» **Required action**
Pictures stay out; everything else in the records below is copied exactly.

» **Source data**
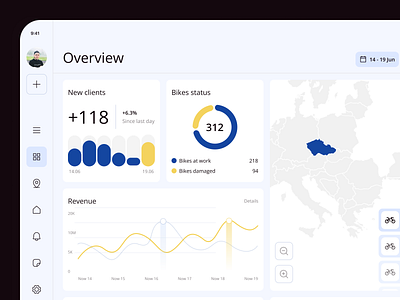 Bike Rental Service Admin Panel admin appdesign bike business customers dashboard design financial management panel profitability reliability rental service statistics tool ui ux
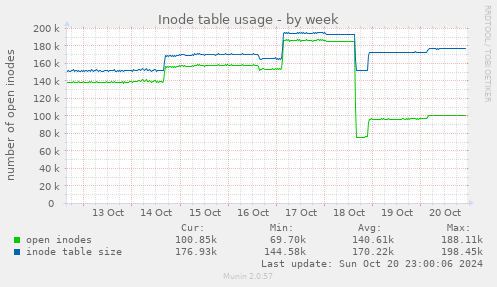 Inode table usage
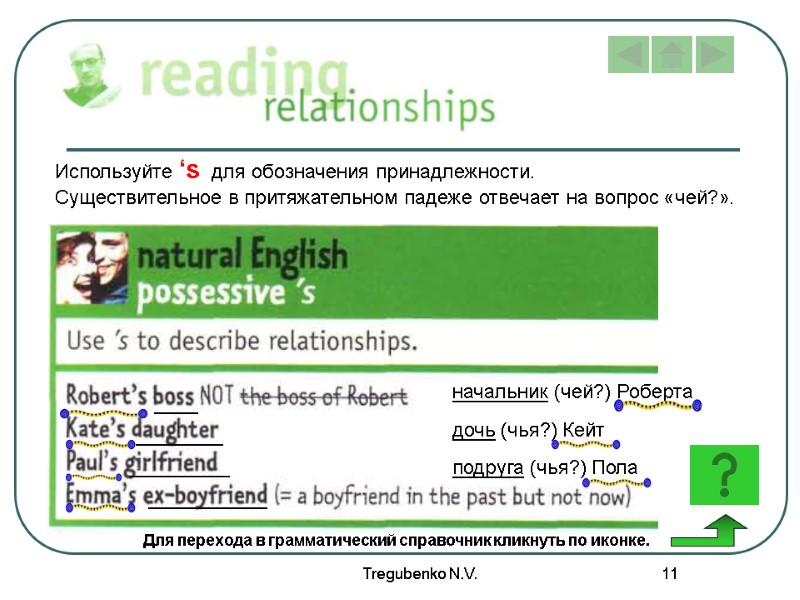 Tregubenko N.V. 11 Используйте ‘s  для обозначения принадлежности. Существительное в притяжательном падеже отвечает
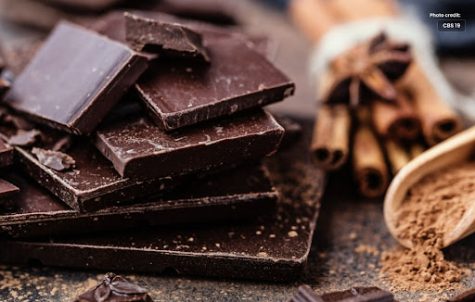 Heavy Metals Found in Dark Chocolate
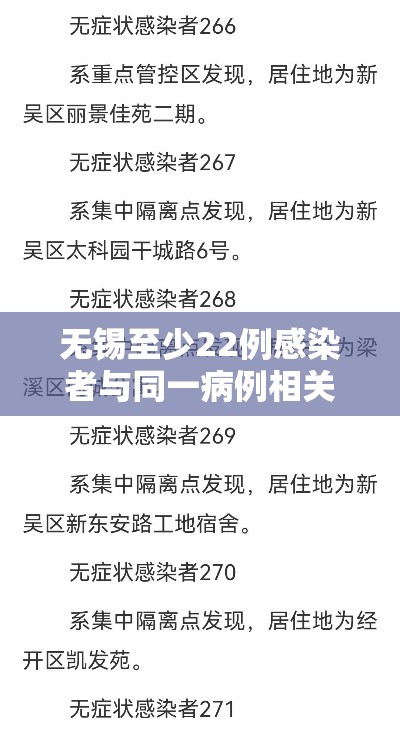 无锡至少22例感染者与同一病例相关(江苏无锡感染了几例) 无锡至少22例感染者与同一病例相关(江苏无锡感染了几例)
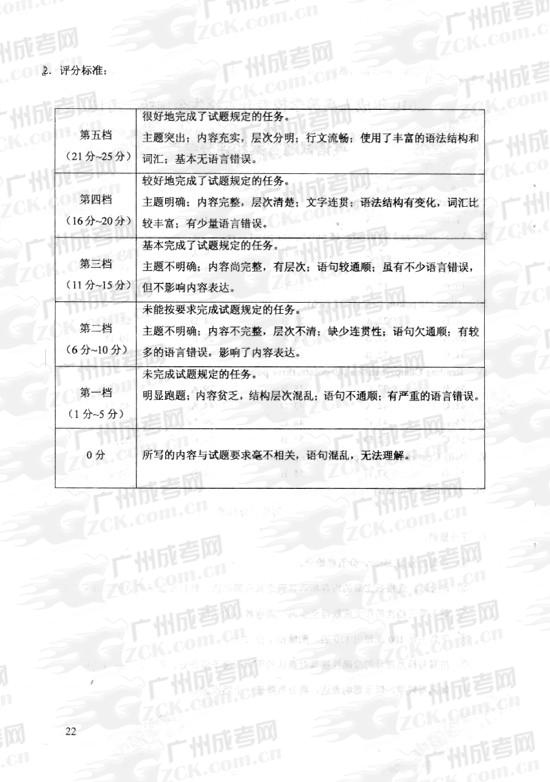 成人高考2010年统一考试专升本英语试题答案及评(图2) 成人高考2010年统一考试专升本英语试题答案及评(图2)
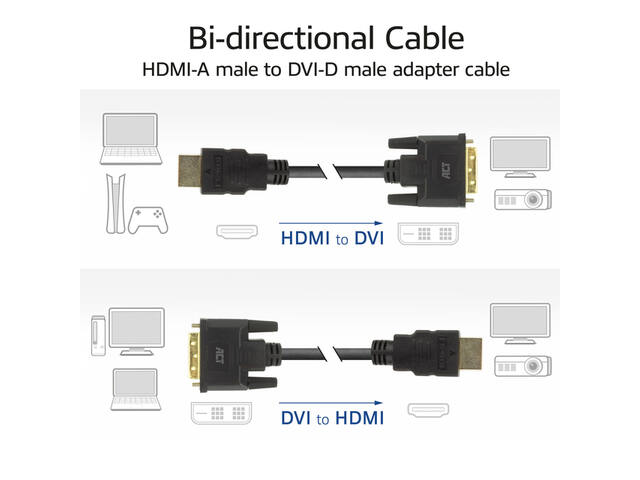 Adapterkabel ACT HDMI-A male naar DVI-D male 1m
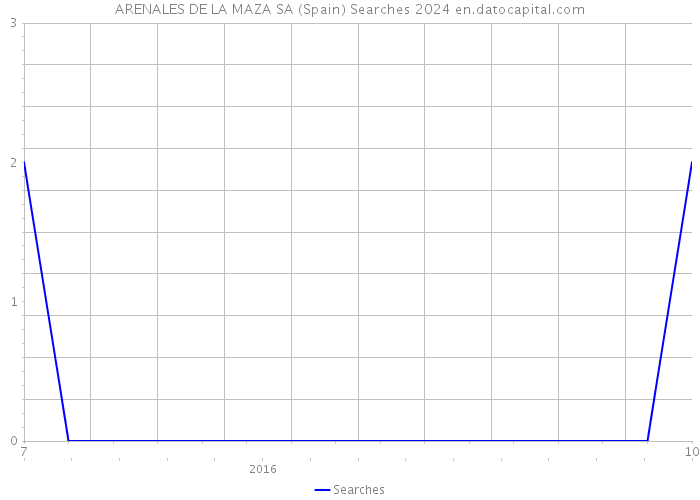 ARENALES DE LA MAZA SA (Spain) Searches 2024 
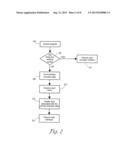 COMPUTER PROGRAM AND METHOD FOR BIOMETRICALLY SECURED, TRANSPARENT     ENCRYPTION AND DECRYPTION diagram and image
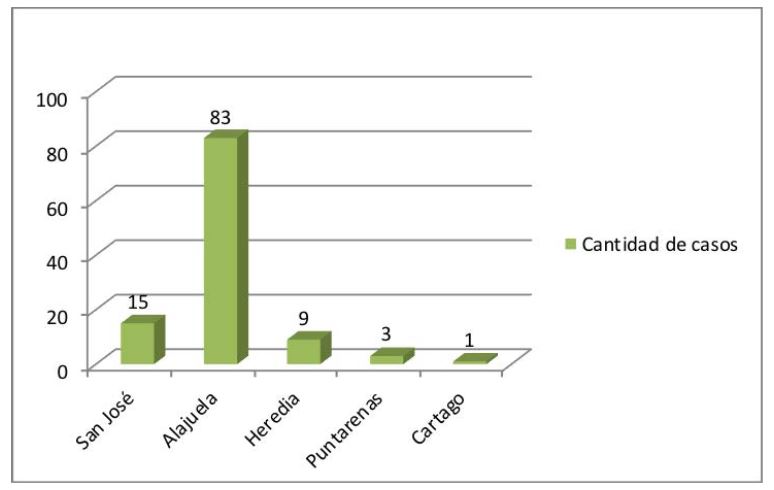  Procedencia geográfica de
los juicios, Costa Rica (1880-1930)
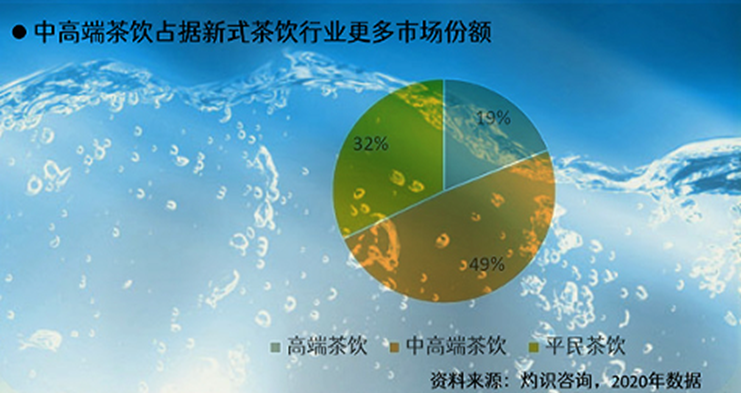 喜茶上市（喜茶创始人名单表一览）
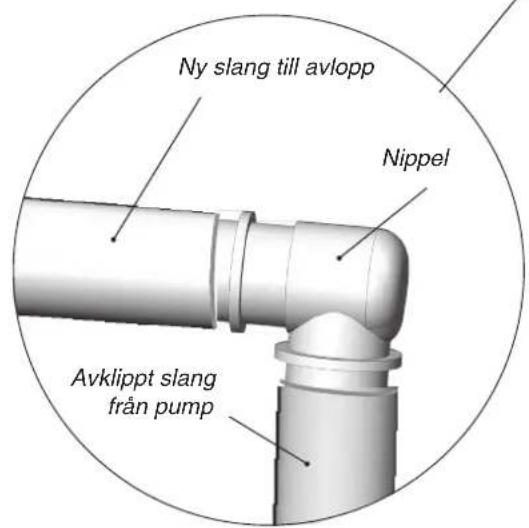Ny slang till avlopp Nippel Avklippt slang från pump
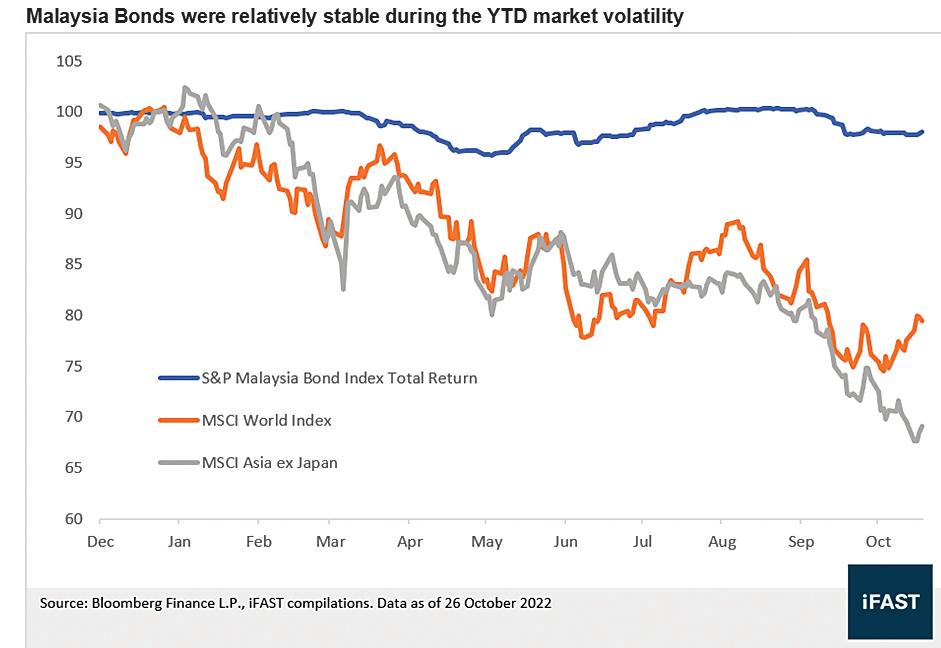 Malaysia bonds relatively stable amid global market turbulence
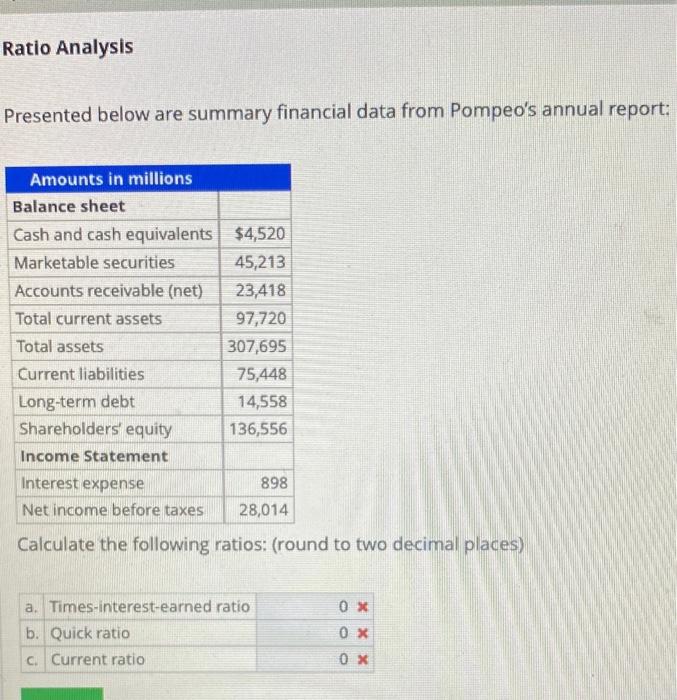  Ratio Analysis Presented below are summary financial data from Pompeo's annual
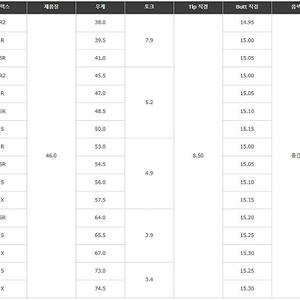 스피더에볼루션6 569S(5S), 5 661S(6S) 드라이버 샤프트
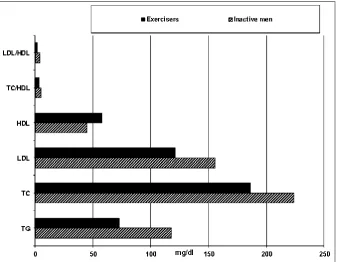 Figure 1:  The values of lipidemic factors for Group of inactive men and Group of exercisers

» **Answer to the exercise**
 Bike Rental Service Admin Panel admin appdesign bike business customers dashboard design financial management panel profitability reliability rental service statistics tool ui ux
 Inode table usage
 Tregubenko N.V. 11 Используйте ‘s  для обозначения принадлежности. Существительное в притяжательном падеже отвечает
 Heavy Metals Found in Dark Chocolate
 无锡至少22例感染者与同一病例相关(江苏无锡感染了几例) 无锡至少22例感染者与同一病例相关(江苏无锡感染了几例)
 成人高考2010年统一考试专升本英语试题答案及评(图2) 成人高考2010年统一考试专升本英语试题答案及评(图2)
 Adapterkabel ACT HDMI-A male naar DVI-D male 1m
 ARENALES DE LA MAZA SA (Spain) Searches 2024 
 COMPUTER PROGRAM AND METHOD FOR BIOMETRICALLY SECURED, TRANSPARENT     ENCRYPTION AND DECRYPTION diagram and image
  Procedencia geográfica de
los juicios, Costa Rica (1880-1930)
 喜茶上市（喜茶创始人名单表一览）
Ny slang till avlopp Nippel Avklippt slang från pump
 Malaysia bonds relatively stable amid global market turbulence
  Ratio Analysis Presented below are summary financial data from Pompeo's annual
 스피더에볼루션6 569S(5S), 5 661S(6S) 드라이버 샤프트
 Figure 1:  The values of lipidemic factors for Group of inactive men and Group of exercisers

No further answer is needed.